Software Challenges in the Multicore Era (9:15 - 10:45 AM)

Software for High Performance Embedded Multiprocessors

Kenneth Mackenzie (Reservoir)

Chip multiprocessors (CMPs) are displacing application-specific integrated circuits (ASICs) in domains where designers must balance very high performance/power requirements against flexibility and programmer productivity requirements. The software development for such applications is challenging because the performance/power is being compared to purpose-built ASICs. A key problem for the software is that such CMPs are built with relatively low memory/core in order to devote as much chip area as possible to computation. In this talk, I will describe experiences Reservoir Labs has had developing software and tools in such domains (e.g. radar, networking, physics modeling). In particular, Reservoir is developing R-Stream, a parallelizing C compiler that uses a "polyhedral" representation of programs and architectures that allows it to explicitly model space and other constraints as part of the mapping problem.
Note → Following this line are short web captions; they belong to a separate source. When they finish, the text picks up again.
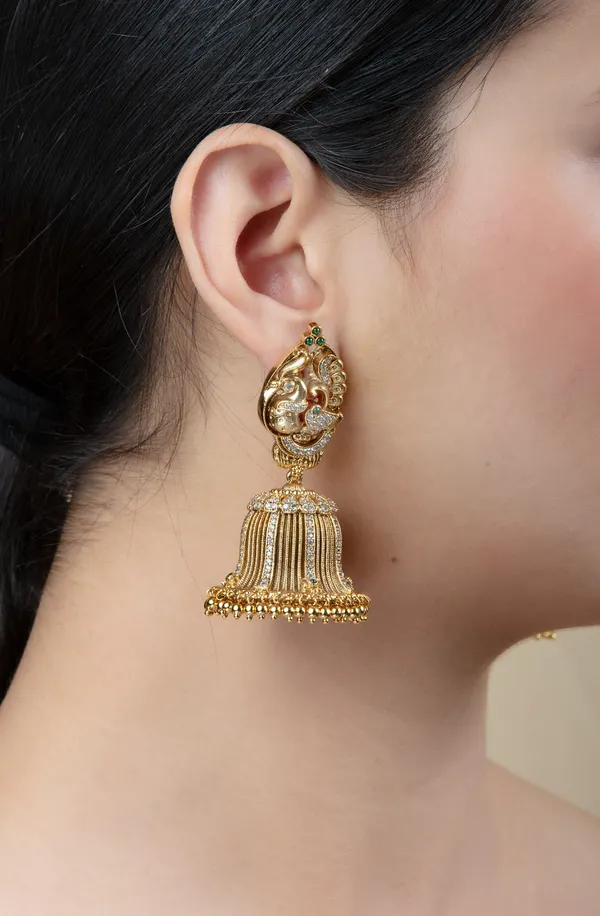 Golden_Metal_Elegant_&_Premium_Earring_For_Women_&_Girls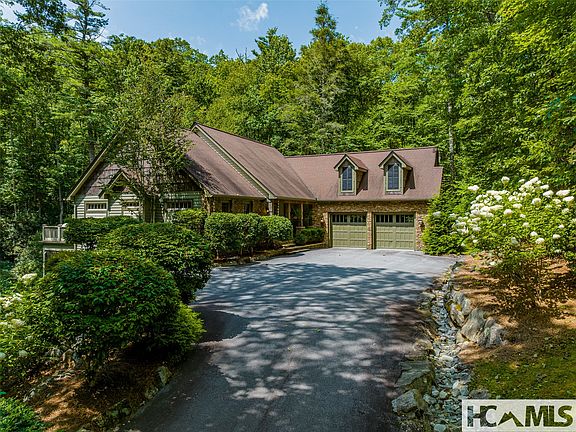 2nd image of 285 Streamside Drive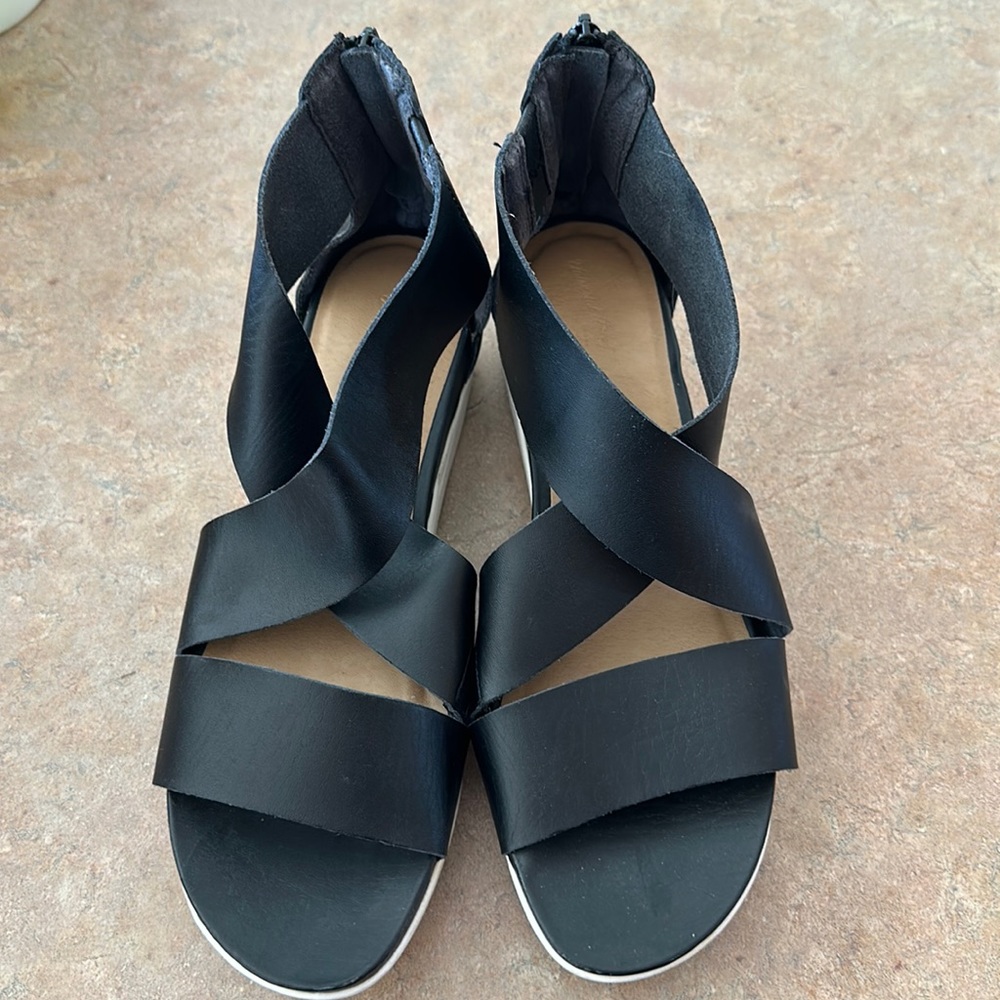 Black platform sandals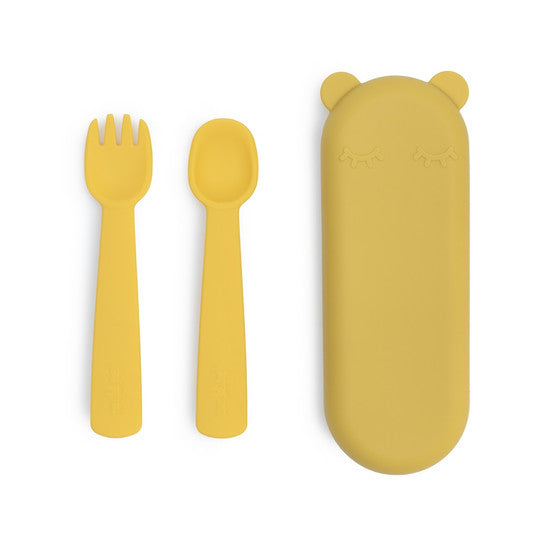 The We Might Be Tiny Feedie Fork & Spoon Set ticks all the boxes as baby’s perfect first cutlery set!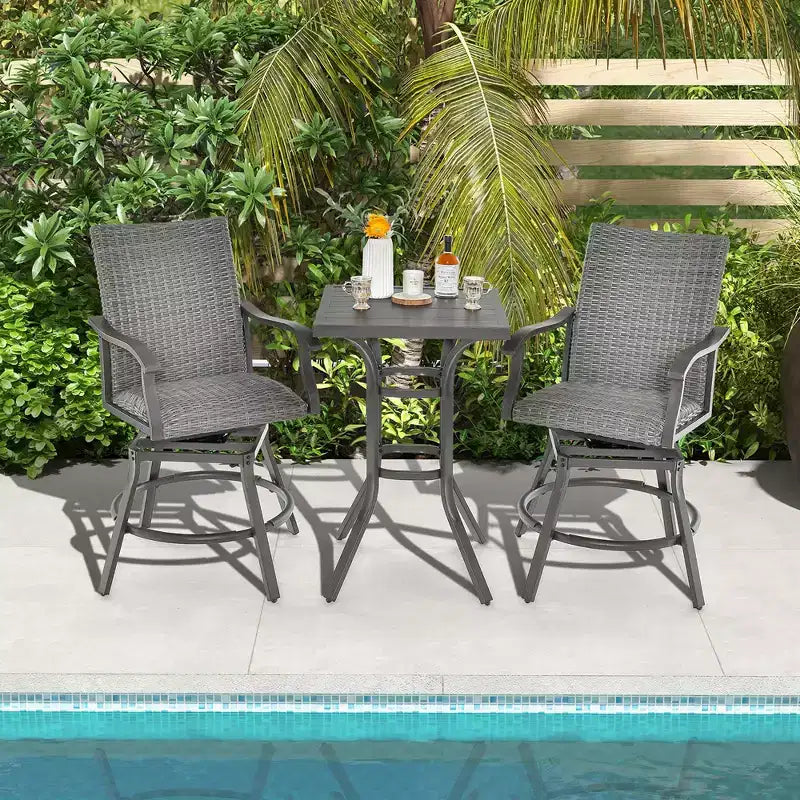 Conjunto de mesa alta y taburetes de ratán para patio de 3 piezas de Costway, aluminio, sillas giratorias de 360° con asiento acolchado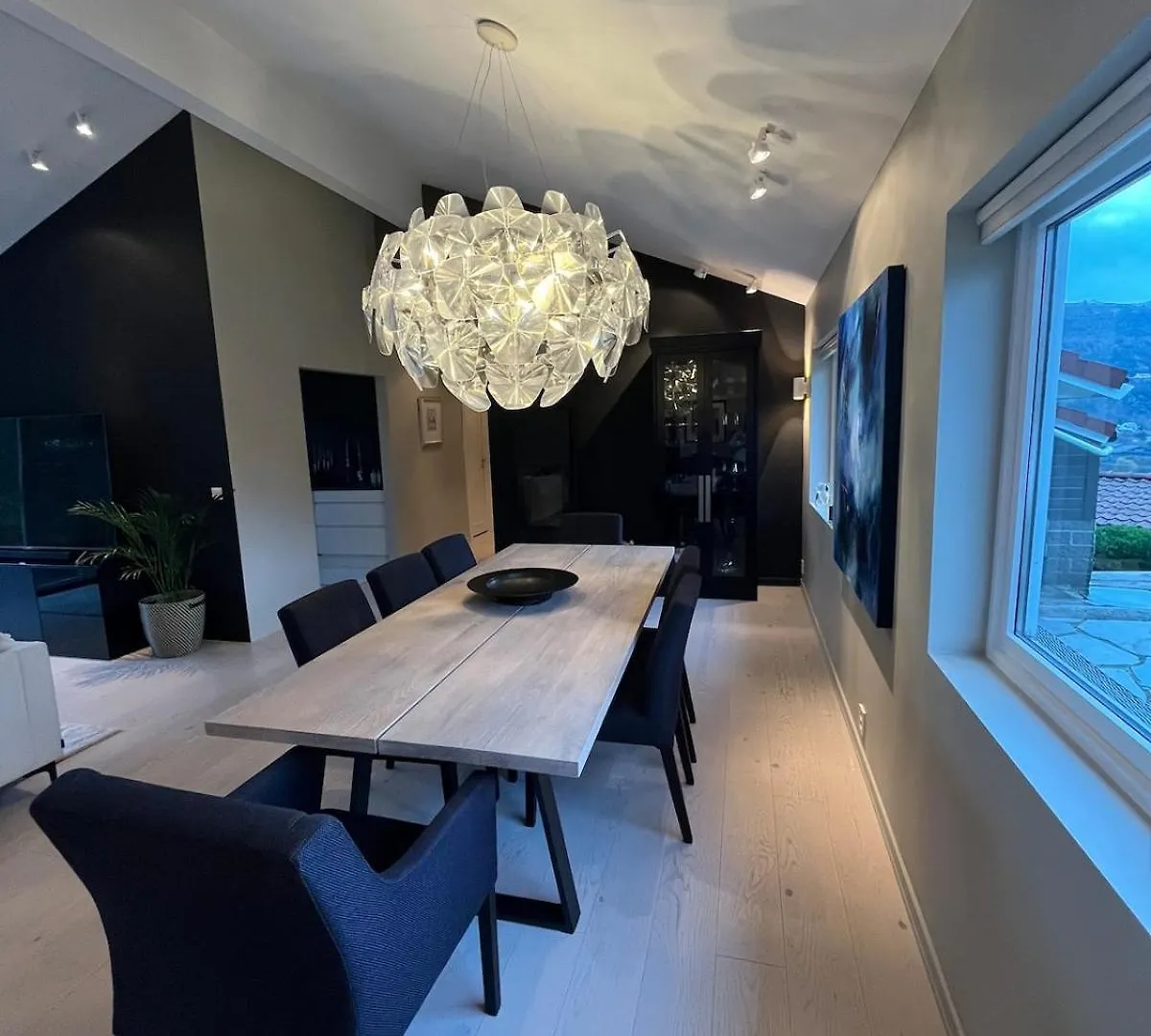 Modern detached house by the mountains & sea Villa Bergen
Ken Mackenzie is a Consulting Engineer at Reservoir Labs, Inc. Ken joined Reservoir Labs in 2003 after five years as an Assistant Professor in the College of Computing at Georgia Tech. He received a B.S. in Electrical Engineering, M.S. and Ph.D. in Electrical Engineering and Computer Science from MIT in 1990, 1990 and 1998. As a graduate student, Ken worked as a member of the Alewife project, a novel, large-scale, distributed shared memory multiprocessor. His Ph.D. thesis work was to develop a fast, protected messaging system for Fugu, a machine that extended Alewife with multitasking, virtual memory and an Exokernel operating system. At Georgia Tech, Ken was granted an NSF CAREER award in 1999 for a project in which he and his students developed a form of software caching using dynamic binary rewriting targeted at embedded systems. At Reservoir Labs, Ken has worked as a consultant on customer projects involving network processors and a custom supercomputer for a molecular dynamics application as well as serving as PI for a DOE-funded, high-speed network intrusion detection project.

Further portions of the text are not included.